Mortgage rates have sunk to near record lows in early 2020, as a series of interest rate cuts from the Federal Reserve and recent jitters in the bond market have made borrowing more attractive. Our expert has some timely advice on what this means for homeowners and would-be borrowers.
Bankrate’s data show that the current average 30-year mortgage has fallen to around 3.7 percent, so it seems like an ideal time for new borrowers as well as those looking to refinance.
And with the average borrower paying more than 4.4 percent, according to a recent Bankrate survey, it looks like many homeowners can save thousands by refinancing. And of course, new borrowers may be able to lock in a rate that’s among the lowest ever offered.
(Our panel provides mortgage rate predictions each week in the Rate Trend Index.)
We spoke with Greg McBride, CFA, Bankrate chief financial analyst, to understand more about what’s going on in the mortgage market, where rates are headed and what borrowers can do.
Wow, this mortgage market has really taken off when rates dropped. What’s going on?
McBride: Nothing spurs mortgages, and refinancing activity in particular, like low rates. The coronavirus scare has prompted a flight to quality among investors that has brought bond yields and mortgage rates to the lowest levels in more than three years. But the surge in refinancing can be fleeting – a rebound in rates back to levels where we started the year would temper the application flow real quick.
So the mortgage market is shaping up for a good 2020?
McBride: Things are lined up to be a great year. The surprise plunge in rates to start the year has spurred a surge in refinancing activity that wasn’t expected and with unemployment at 50-year lows, there are plenty of would-be home buyers in the market. Both purchase and refinance originations will be strong this year – oftentimes it’s only one or the other.
Housing supply seems pretty tight in many markets right now – will that hurt mortgages?
McBride: The lack of supply means a low ceiling for the housing market and by extension, the purchase mortgage market. Fortunately, refinancing has started off 2020 with a bang – much more than expected – so it’s still a good time in the mortgage market.
And what are the best moves for homeowners to make this year?
McBride: Homeowners would be wise to evaluate whether or not they’re candidates for refinancing. Check your credit reports, fix any errors, and pull together your bank statements, paystubs, tax returns, and documents needed so that you’re ready to roll. I’d do that now so that you can take advantage of low rates. Procrastinating runs the risk that the opportunity passes you by with a modest rebound in rates, or puts you at the back of the line if rates drop further, refinancing applications keep growing, and only then are you scrambling to pull things together.
What about potential borrowers?
McBride: Would-be homebuyers should take the steps necessary to improve their credit like fixing errors and paying down debt, but also boosting savings and positioning yourself to put your best foot forward when you are ready to apply for a mortgage. And use some of the online calculators to figure out how much house you can afford and what the costs of a mortgage and homeownership mean to your monthly budget. Do that before you start home shopping.
So rates are low and credit is available – are we in a “goldilocks moment” for homebuyers?
McBride: A “goldilocks moment” is a good way to put it, at least from the standpoint of qualifying for a mortgage and getting a low rate. Not so much from the actual home purchase standpoint, given the limited inventory within affordable price ranges in many markets. But low unemployment, increasing household income, and really low mortgage rates are definitely a great backdrop for those looking for a mortgage to buy a home.

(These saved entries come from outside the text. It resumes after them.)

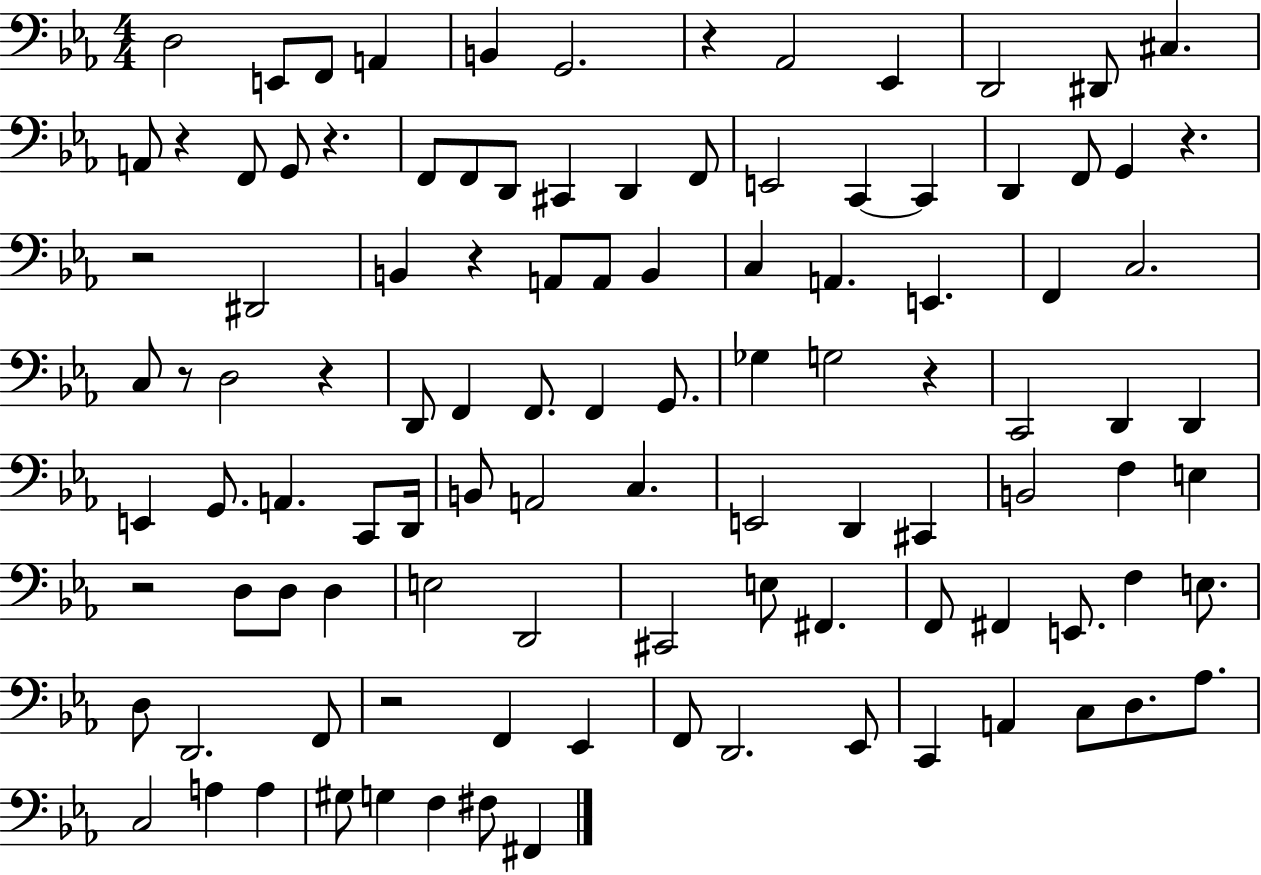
D3/h E2/e F2/e A2/q B2/q G2/h. R/q Ab2/h Eb2/q D2/h D#2/e C#3/q. A2/e R/q F2/e G2/e R/q. F2/e F2/e D2/e C#2/q D2/q F2/e E2/h C2/q C2/q D2/q F2/e G2/q R/q. R/h D#2/h B2/q R/q A2/e A2/e B2/q C3/q A2/q. E2/q. F2/q C3/h. C3/e R/e D3/h R/q D2/e F2/q F2/e. F2/q G2/e. Gb3/q G3/h R/q C2/h D2/q D2/q E2/q G2/e. A2/q. C2/e D2/s B2/e A2/h C3/q. E2/h D2/q C#2/q B2/h F3/q E3/q R/h D3/e D3/e D3/q E3/h D2/h C#2/h E3/e F#2/q. F2/e F#2/q E2/e. F3/q E3/e. D3/e D2/h. F2/e R/h F2/q Eb2/q F2/e D2/h. Eb2/e C2/q A2/q C3/e D3/e. Ab3/e. C3/h A3/q A3/q G#3/e G3/q F3/q F#3/e F#2/q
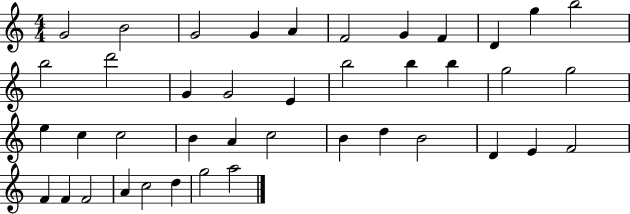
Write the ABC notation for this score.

X:1
T:Untitled
M:4/4
L:1/4
K:C
G2 B2 G2 G A F2 G F D g b2 b2 d'2 G G2 E b2 b b g2 g2 e c c2 B A c2 B d B2 D E F2 F F F2 A c2 d g2 a2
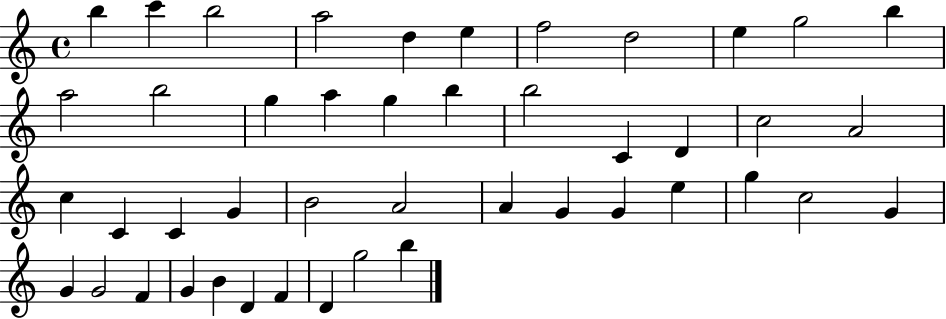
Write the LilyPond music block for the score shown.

{
  \clef treble
  \time 4/4
  \defaultTimeSignature
  \key c \major
  b''4 c'''4 b''2 | a''2 d''4 e''4 | f''2 d''2 | e''4 g''2 b''4 | \break a''2 b''2 | g''4 a''4 g''4 b''4 | b''2 c'4 d'4 | c''2 a'2 | \break c''4 c'4 c'4 g'4 | b'2 a'2 | a'4 g'4 g'4 e''4 | g''4 c''2 g'4 | \break g'4 g'2 f'4 | g'4 b'4 d'4 f'4 | d'4 g''2 b''4 | \bar "|."
}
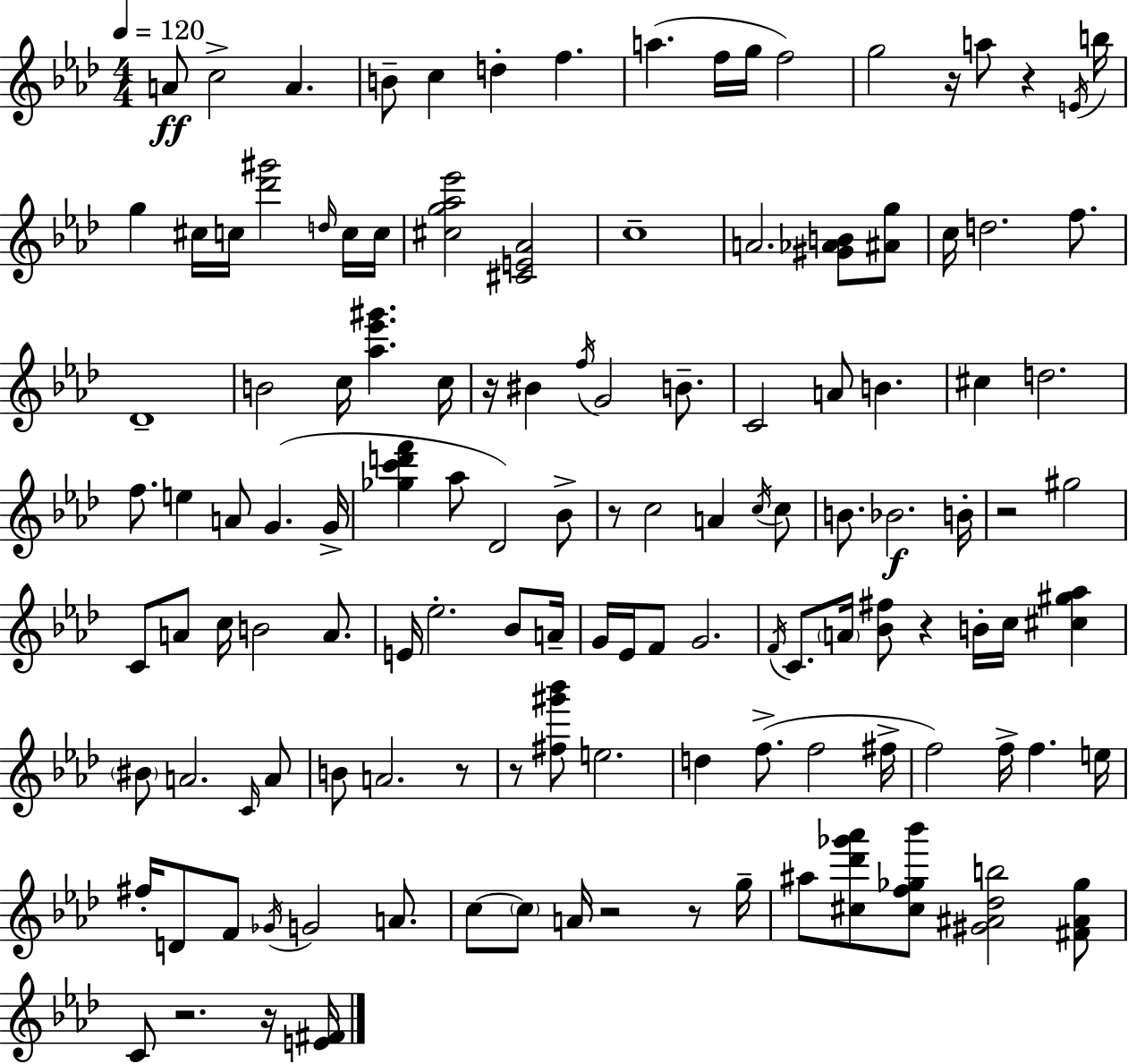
{
  \clef treble
  \numericTimeSignature
  \time 4/4
  \key aes \major
  \tempo 4 = 120
  a'8\ff c''2-> a'4. | b'8-- c''4 d''4-. f''4. | a''4.( f''16 g''16 f''2) | g''2 r16 a''8 r4 \acciaccatura { e'16 } | \break b''16 g''4 cis''16 c''16 <des''' gis'''>2 \grace { d''16 } | c''16 c''16 <cis'' g'' aes'' ees'''>2 <cis' e' aes'>2 | c''1-- | a'2. <gis' aes' b'>8 | \break <ais' g''>8 c''16 d''2. f''8. | des'1-- | b'2 c''16 <aes'' ees''' gis'''>4. | c''16 r16 bis'4 \acciaccatura { f''16 } g'2 | \break b'8.-- c'2 a'8 b'4. | cis''4 d''2. | f''8. e''4 a'8 g'4.( | g'16-> <ges'' c''' d''' f'''>4 aes''8 des'2) | \break bes'8-> r8 c''2 a'4 | \acciaccatura { c''16 } c''8 b'8. bes'2.\f | b'16-. r2 gis''2 | c'8 a'8 c''16 b'2 | \break a'8. e'16 ees''2.-. | bes'8 a'16-- g'16 ees'16 f'8 g'2. | \acciaccatura { f'16 } c'8. \parenthesize a'16 <bes' fis''>8 r4 b'16-. | c''16 <cis'' gis'' aes''>4 \parenthesize bis'8 a'2. | \break \grace { c'16 } a'8 b'8 a'2. | r8 r8 <fis'' gis''' bes'''>8 e''2. | d''4 f''8.->( f''2 | fis''16-> f''2) f''16-> f''4. | \break e''16 fis''16-. d'8 f'8 \acciaccatura { ges'16 } g'2 | a'8. c''8~~ \parenthesize c''8 a'16 r2 | r8 g''16-- ais''8 <cis'' des''' ges''' aes'''>8 <cis'' f'' ges'' bes'''>8 <gis' ais' des'' b''>2 | <fis' ais' ges''>8 c'8 r2. | \break r16 <e' fis'>16 \bar "|."
}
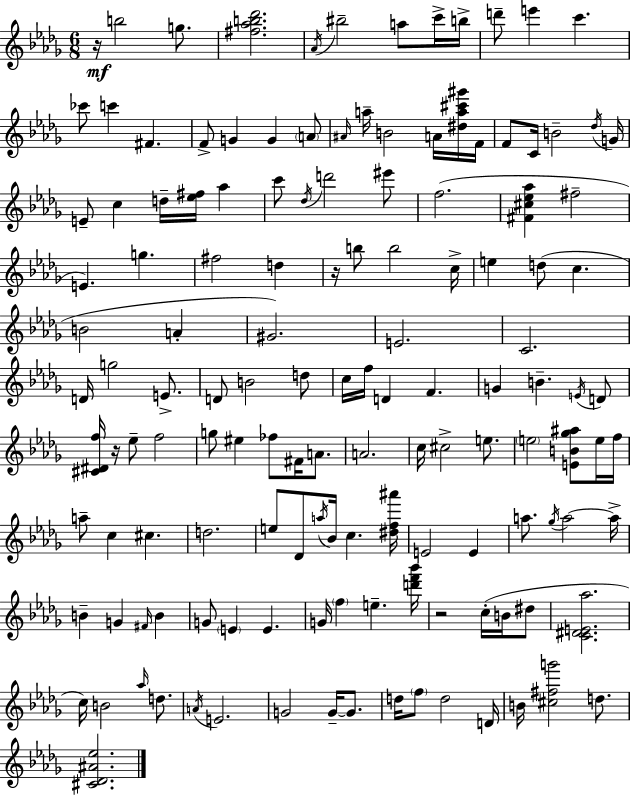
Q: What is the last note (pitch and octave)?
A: D5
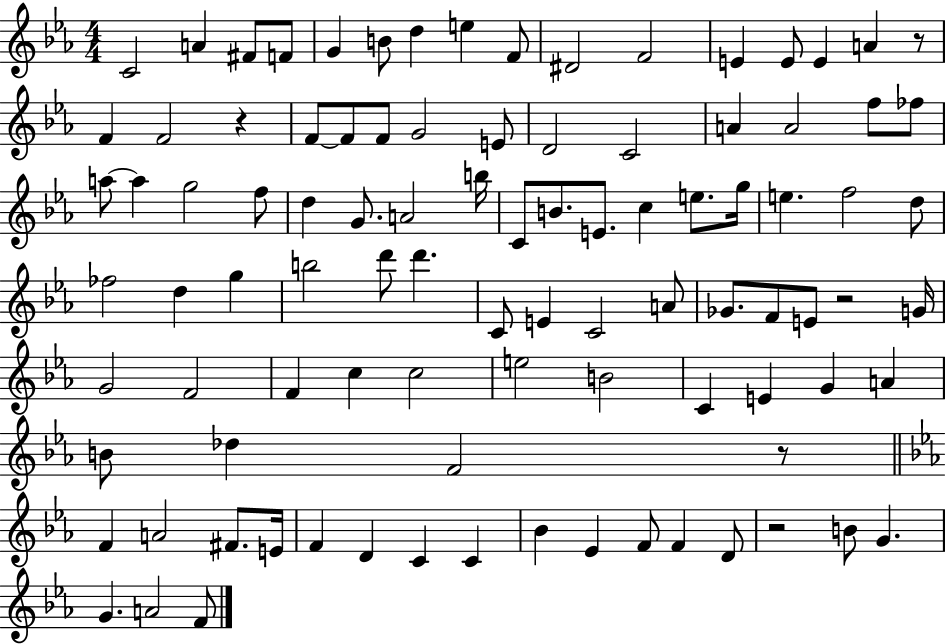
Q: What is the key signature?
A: EES major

Anything else borrowers should focus on?
McBride: Don’t bite off more than you can chew by buying a house that is only affordable if your income and employability never decline. We will get an economic downturn at some point – I don’t know when, but we will – and you want to make sure you can still afford the house if your income declines, or you go through a period where your two-income household is a one-income household.
I also cannot overstate the importance of savings – not just for the down payment and closing costs, but for your emergency fund and the ability to continue saving for emergencies and retirement even after you buy the home. Leave yourself some margin of safety. Being house poor is no place to be.